Abres los ojos y miras tu reflejo en la hoja pulida. Por un instante, no estás en un parque interactivo, sino en un campo de batalla celta, enfrentándote al enemigo con la espada alzada. Sientes en tu pecho una mezcla de orgullo, responsabilidad y temor; emociones que los guerreros de hace siglos debieron conocer tan bien.
Cuando vuelves a dejar la espada sobre la mesa, tus manos aún tiemblan levemente. No por el esfuerzo físico, sino por la conexión inesperada que acabas de tener con el pasado. En un simple gesto, has tocado la historia y, por un momento, te has convertido en parte de ella.
Te entregan una caja de munición, y aunque a primera vista parece un simple recipiente metálico, en cuanto lo levantas, sientes la tensión en tus brazos. El peso físico no es abrumador, pero la idea de lo que llevas te aplasta más que cualquier carga. Estos cartuchos, perfectamente alineados, alguna vez fueron la diferencia entre la vida y la muerte para un soldado. Cada uno era un disparo más que quizás significaba volver a casa o proteger a un camarada.


Caminas unos pasos, imaginándote en las trincheras, en medio del caos. El aire está cargado de humo, el estruendo de las ametralladoras retumba como un tambor de guerra incesante, y el barro se pega a tus botas mientras avanzas bajo la mirada desesperada de los hombres que esperan que llegues con la carga. Cada paso con esa caja parece más pesado, no solo porque tus brazos tiemblan, sino porque comienzas a entender: para esos soldados, cargar munición no era solo una tarea; era la línea que separaba el silencio del fuego, el avance de la derrota.
Entonces te entregan una réplica de una ametralladora antigua. Es un monstruo de acero y madera, una máquina hecha para imponer autoridad en el campo de batalla. Al sujetarla, notas la crudeza de su diseño: no hay espacio para comodidad, solo funcionalidad. Al acomodarla sobre un trípode, te das cuenta de lo inmóvil que debes permanecer, apuntando, esperando, cada disparo un eco de decisiones irreversibles.

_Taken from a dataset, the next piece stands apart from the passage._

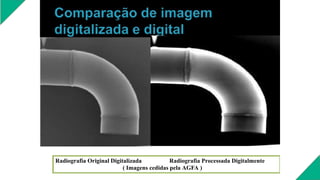 Radiografia Original Digitalizada Radiografia Processada Digitalmente
( Imagens cedidas pela AGFA )
 
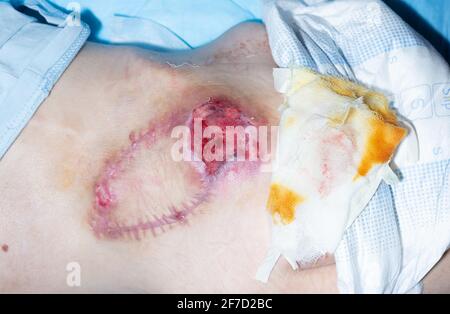 bedsores of the second degree sacrococcygeal region after surgery for plastic skin pressure sores. Stock Photo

Te colocan detrás de la ametralladora. Apoyas tus manos en los controles, y aunque no estás en una guerra real, sientes el sudor frío recorrer tu espalda. Imaginando los ojos fijos de alguien al otro lado, te preguntas cómo un soldado se enfrentaba a ese peso: no el de la máquina, sino el de la moralidad, el de saber que sus manos eran instrumentos de un destino que no siempre controlaban.


Cuando finalmente sueltas el arma, un silencio extraño llena tu mente. Te alejas de la experiencia con los brazos adoloridos y una sensación que nunca habías tenido: el entendimiento de que, más que cargar cartuchos o armas, aquellos soldados cargaban el peso invisible de sus decisiones y la carga infinita de su humanidad.

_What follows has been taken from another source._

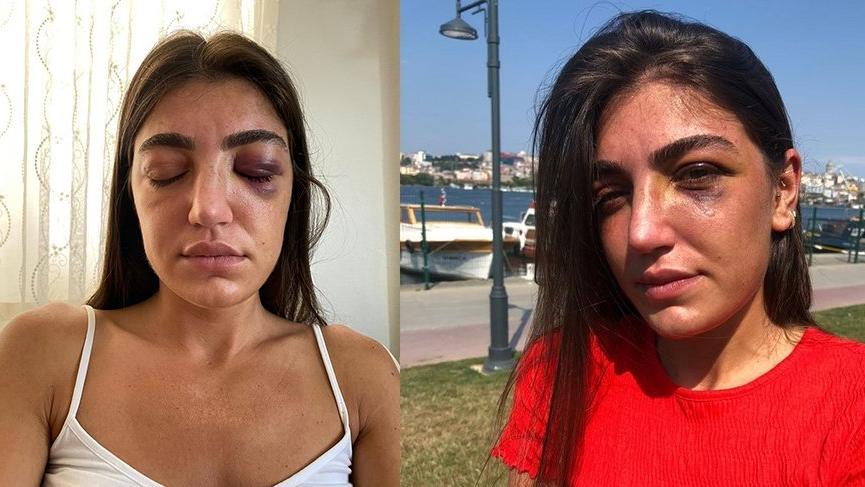 Genç mankene dehşeti yaşatmıştı… Hakkında karar verildi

El parque es especialmente popular entre familias y escuelas, ya que organiza actividades prácticas como probarse cascos, sostener espadas y aprender sobre las costumbres y la vida cotidiana de cada período. Además, regularmente ofrece programas educativos para enriquecer la experiencia.
Está a solo 20 minutos en coche desde Trnava y es muy accesible desde Bratislava.
Aunque es un destino asequible, no aceptan pagos con tarjeta, así que se recomienda llevar efectivo. Es un lugar ideal para aprender y divertirse en un entorno que combina naturaleza, historia y creatividad.